Baidu, Amazon, and others are now pushing to make computers more capable of holding a decent conversation.
September 10, 2015

The Chinese Internet giant Baidu launched a conversational personal assistant service called Duer at a company event held in Beijing Tuesday. It is just the latest sign that we could soon forgo swiping and typing for chatting with our computers instead.

The assistant service is designed to provide quick and easy access to Baidu’s various Internet services and to engage in a dialogue with users rather than simply being voice-controlled. Duer (which means “Du secretary”) is bundled with the latest versions of Baidu’s apps for smartphones.

Duer’s success will depend on how well it can parse naturally spoken language. This is notoriously difficult, although researchers have been making significant progress in recent years in both speech recognition and, to a lesser degree, natural language processing thanks to a powerful machine-learning technique known as deep learning. Companies such as Facebook see natural language as a key challenge for mining information and communicating with users (see “Teaching Machines to Understand Us”).

According to Baidu, Duer will mine meaning from written information on the Web. Baidu will collect information about a restaurant, for example, and Duer will infer whether it is pet-friendly or has outdoor seating. In contrast, most voice apps simply tap into conventional search engines, which do not try to extract meaning from information online.

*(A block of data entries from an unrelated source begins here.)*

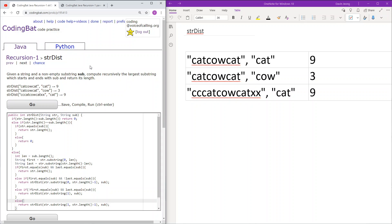Here we have the strDist problem from CodingBat's recursion1 problem set. This is the last problem in the recursion1 set. Given a string and a non-empty substring sub, compute recursively the largest substring which starts and ends with sub and return its length. Here are the sample cases.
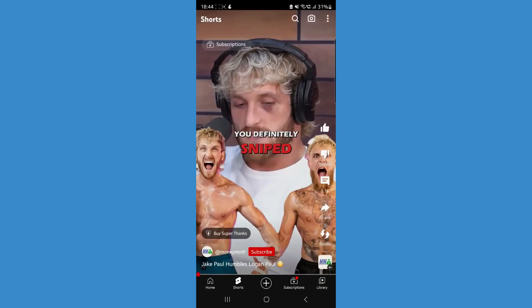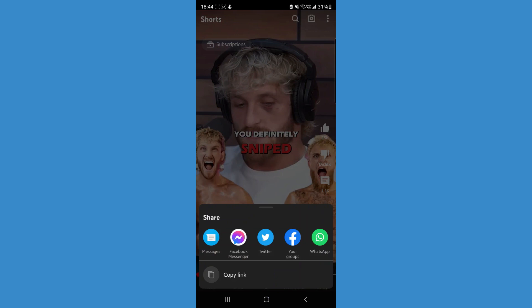Once we head over to Shorts, we can now click on the share icon. Once we click on the share icon, as you will notice at the bottom of the page, there is now an option to copy link.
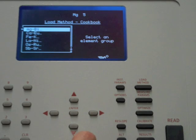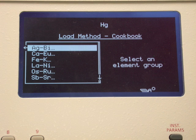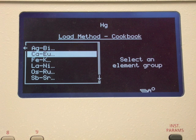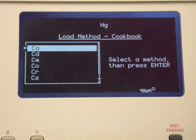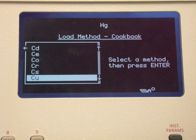Elements for analysis are alphabetized using their atomic symbols. In this demonstration we are going to set up to do a copper analysis. Use the arrow key to highlight the calcium to europium section. Copper is listed just beyond the bottom of the window. Scroll down using the arrow key until the element is highlighted, then press enter.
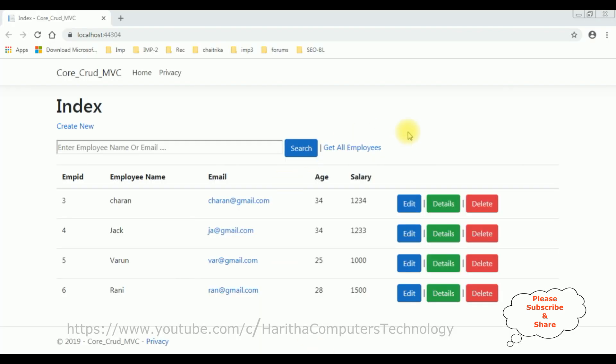In my previous part 1 and part 2 videos, I showed in part 1 video how to create the CRUD functionality: creating, reading, updating, and deleting from the employee table. And the second video I showed how to implement the search functionality.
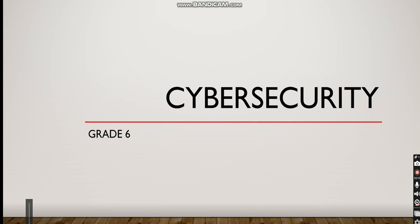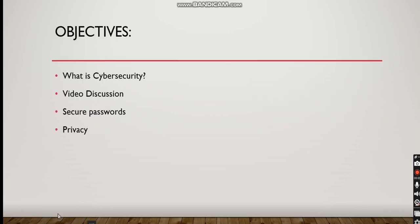First of all, the objectives are gonna be: what is cyber security, we're gonna have a video discussion, and we're gonna know how to make secure passwords and know about privacy.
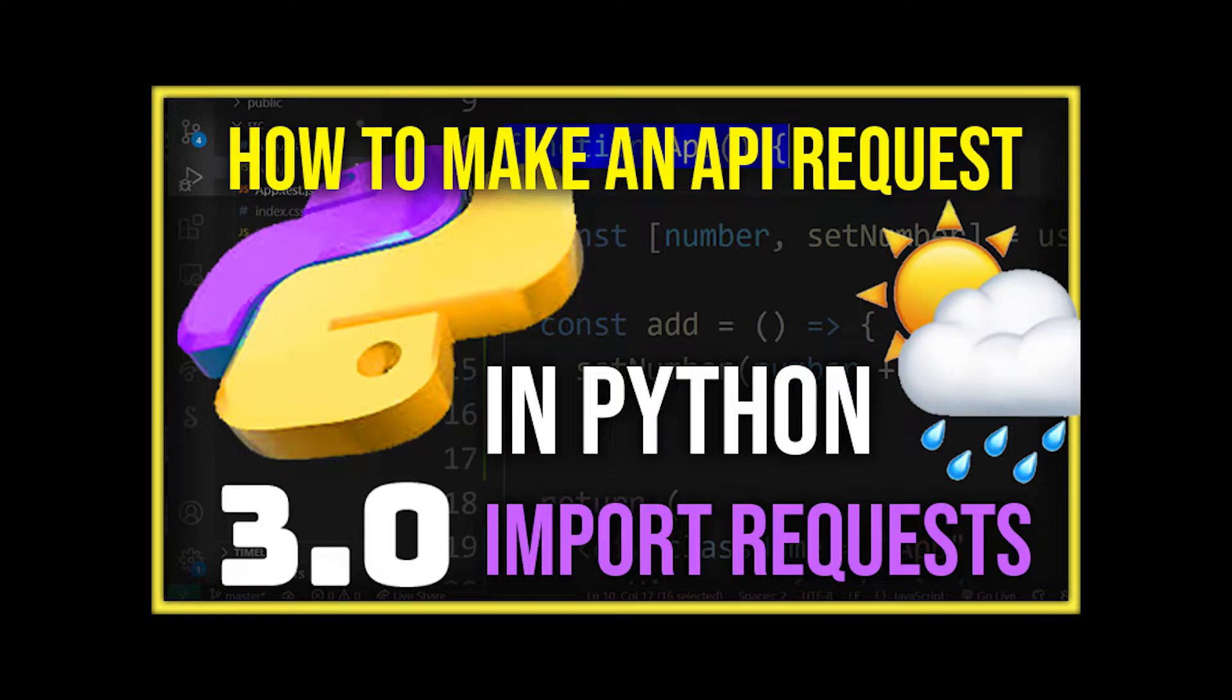So guys, in this tutorial, I'm going to show you how to make an API request in Python with the requests library.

Andrew Ng, chief scientist for Baidu Research in Silicon Valley, and an expert in the field of deep learning, has said that recent advances will soon enable far more capable and smarter forms of voice control, and that this will enable a new age of computer interaction.

Other companies are also pushing aggressively into voice-mediated computing. With more users expected to turn to voice interaction, many tech companies hope to provide capable voice services in order to gain a competitive advantage, or at least to not fall behind their rivals.

The U.S. companies Apple, Google, and Microsoft all include voice-controlled assistants in their smartphone operating systems. And in November of last year, the U.S. e-commerce giant Amazon launched a device for the home called Echo that includes a voice persona called Alexa. At launch, the Echo could be used to look up information from the Web, play podcasts or music from a user’s Amazon library, and add items to a shopping list.

Amazon released an application programming interface for the Echo earlier this year, allowing developers to connect the device to outside apps or services, thus giving it new skills. It also announced $100 million in funding for startups working on voice services to connect them with the Echo.

Matt Lease, an associate professor at the University of Texas, Austin, who specializes in parsing language using computers, says voice interfaces are advancing thanks to fundamental progress in areas such as deep learning combined with the ubiquity of portable devices, which have made people more familiar with voice control. “I don’t think there’s a huge, fundamental breakthrough,” Lease says. “But I’m more comfortable talking to my phone and I’m more comfortable talking to this thing in my living room.”